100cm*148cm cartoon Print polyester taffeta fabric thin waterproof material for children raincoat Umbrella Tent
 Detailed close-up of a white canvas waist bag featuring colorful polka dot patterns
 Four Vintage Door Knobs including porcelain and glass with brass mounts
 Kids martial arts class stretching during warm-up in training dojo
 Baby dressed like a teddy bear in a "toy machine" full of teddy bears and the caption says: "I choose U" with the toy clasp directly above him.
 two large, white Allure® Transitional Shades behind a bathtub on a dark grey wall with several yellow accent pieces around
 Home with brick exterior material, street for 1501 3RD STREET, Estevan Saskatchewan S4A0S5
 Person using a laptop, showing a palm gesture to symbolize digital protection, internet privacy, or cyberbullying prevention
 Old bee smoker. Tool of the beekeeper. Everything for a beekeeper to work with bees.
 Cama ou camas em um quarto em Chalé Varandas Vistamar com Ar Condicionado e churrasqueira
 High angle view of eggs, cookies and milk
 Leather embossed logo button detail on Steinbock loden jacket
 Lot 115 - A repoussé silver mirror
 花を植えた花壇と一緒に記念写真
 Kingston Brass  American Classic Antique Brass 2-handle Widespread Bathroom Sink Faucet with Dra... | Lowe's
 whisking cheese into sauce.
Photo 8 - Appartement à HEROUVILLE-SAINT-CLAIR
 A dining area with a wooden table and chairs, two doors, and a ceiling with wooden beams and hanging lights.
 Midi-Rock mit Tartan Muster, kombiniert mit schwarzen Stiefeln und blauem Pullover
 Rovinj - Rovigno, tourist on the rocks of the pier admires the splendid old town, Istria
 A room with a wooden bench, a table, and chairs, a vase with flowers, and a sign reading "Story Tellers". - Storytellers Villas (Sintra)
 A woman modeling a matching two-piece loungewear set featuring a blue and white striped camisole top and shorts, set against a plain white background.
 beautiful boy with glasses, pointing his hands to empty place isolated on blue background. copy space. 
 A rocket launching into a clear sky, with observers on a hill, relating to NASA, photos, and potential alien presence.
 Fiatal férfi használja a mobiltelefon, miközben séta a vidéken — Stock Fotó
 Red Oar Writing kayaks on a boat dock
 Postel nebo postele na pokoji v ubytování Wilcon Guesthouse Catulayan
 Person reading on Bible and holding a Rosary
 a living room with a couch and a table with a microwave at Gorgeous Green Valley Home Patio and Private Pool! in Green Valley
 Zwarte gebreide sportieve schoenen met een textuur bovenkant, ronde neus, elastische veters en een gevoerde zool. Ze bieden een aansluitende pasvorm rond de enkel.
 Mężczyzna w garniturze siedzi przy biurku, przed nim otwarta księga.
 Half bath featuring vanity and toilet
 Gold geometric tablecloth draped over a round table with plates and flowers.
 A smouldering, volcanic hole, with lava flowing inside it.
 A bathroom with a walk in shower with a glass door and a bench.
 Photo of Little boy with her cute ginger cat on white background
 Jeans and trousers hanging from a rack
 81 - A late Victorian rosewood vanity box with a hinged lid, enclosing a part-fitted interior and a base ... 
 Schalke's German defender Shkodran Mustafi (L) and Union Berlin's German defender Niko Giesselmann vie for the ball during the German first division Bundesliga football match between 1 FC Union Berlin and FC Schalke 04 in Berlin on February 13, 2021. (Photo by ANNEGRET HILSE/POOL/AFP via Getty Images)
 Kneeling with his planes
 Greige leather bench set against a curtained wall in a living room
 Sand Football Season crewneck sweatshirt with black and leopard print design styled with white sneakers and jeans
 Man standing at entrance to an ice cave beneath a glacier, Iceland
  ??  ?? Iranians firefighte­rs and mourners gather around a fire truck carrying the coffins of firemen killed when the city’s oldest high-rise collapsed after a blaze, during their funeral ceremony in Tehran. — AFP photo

**Your goal**: Reproduce the data. Keep it exact.

**Solution to this problem**:
100cm*148cm cartoon Print polyester taffeta fabric thin waterproof material for children raincoat Umbrella Tent
 Detailed close-up of a white canvas waist bag featuring colorful polka dot patterns
 Four Vintage Door Knobs including porcelain and glass with brass mounts
 Kids martial arts class stretching during warm-up in training dojo
 Baby dressed like a teddy bear in a "toy machine" full of teddy bears and the caption says: "I choose U" with the toy clasp directly above him.
 two large, white Allure® Transitional Shades behind a bathtub on a dark grey wall with several yellow accent pieces around
 Home with brick exterior material, street for 1501 3RD STREET, Estevan Saskatchewan S4A0S5
 Person using a laptop, showing a palm gesture to symbolize digital protection, internet privacy, or cyberbullying prevention
 Old bee smoker. Tool of the beekeeper. Everything for a beekeeper to work with bees.
 Cama ou camas em um quarto em Chalé Varandas Vistamar com Ar Condicionado e churrasqueira
 High angle view of eggs, cookies and milk
 Leather embossed logo button detail on Steinbock loden jacket
 Lot 115 - A repoussé silver mirror
 花を植えた花壇と一緒に記念写真
 Kingston Brass  American Classic Antique Brass 2-handle Widespread Bathroom Sink Faucet with Dra... | Lowe's
 whisking cheese into sauce.
Photo 8 - Appartement à HEROUVILLE-SAINT-CLAIR
 A dining area with a wooden table and chairs, two doors, and a ceiling with wooden beams and hanging lights.
 Midi-Rock mit Tartan Muster, kombiniert mit schwarzen Stiefeln und blauem Pullover
 Rovinj - Rovigno, tourist on the rocks of the pier admires the splendid old town, Istria
 A room with a wooden bench, a table, and chairs, a vase with flowers, and a sign reading "Story Tellers". - Storytellers Villas (Sintra)
 A woman modeling a matching two-piece loungewear set featuring a blue and white striped camisole top and shorts, set against a plain white background.
 beautiful boy with glasses, pointing his hands to empty place isolated on blue background. copy space. 
 A rocket launching into a clear sky, with observers on a hill, relating to NASA, photos, and potential alien presence.
 Fiatal férfi használja a mobiltelefon, miközben séta a vidéken — Stock Fotó
 Red Oar Writing kayaks on a boat dock
 Postel nebo postele na pokoji v ubytování Wilcon Guesthouse Catulayan
 Person reading on Bible and holding a Rosary
 a living room with a couch and a table with a microwave at Gorgeous Green Valley Home Patio and Private Pool! in Green Valley
 Zwarte gebreide sportieve schoenen met een textuur bovenkant, ronde neus, elastische veters en een gevoerde zool. Ze bieden een aansluitende pasvorm rond de enkel.
 Mężczyzna w garniturze siedzi przy biurku, przed nim otwarta księga.
 Half bath featuring vanity and toilet
 Gold geometric tablecloth draped over a round table with plates and flowers.
 A smouldering, volcanic hole, with lava flowing inside it.
 A bathroom with a walk in shower with a glass door and a bench.
 Photo of Little boy with her cute ginger cat on white background
 Jeans and trousers hanging from a rack
 81 - A late Victorian rosewood vanity box with a hinged lid, enclosing a part-fitted interior and a base ... 
 Schalke's German defender Shkodran Mustafi (L) and Union Berlin's German defender Niko Giesselmann vie for the ball during the German first division Bundesliga football match between 1 FC Union Berlin and FC Schalke 04 in Berlin on February 13, 2021. (Photo by ANNEGRET HILSE/POOL/AFP via Getty Images)
 Kneeling with his planes
 Greige leather bench set against a curtained wall in a living room
 Sand Football Season crewneck sweatshirt with black and leopard print design styled with white sneakers and jeans
 Man standing at entrance to an ice cave beneath a glacier, Iceland
  ??  ?? Iranians firefighte­rs and mourners gather around a fire truck carrying the coffins of firemen killed when the city’s oldest high-rise collapsed after a blaze, during their funeral ceremony in Tehran. — AFP photo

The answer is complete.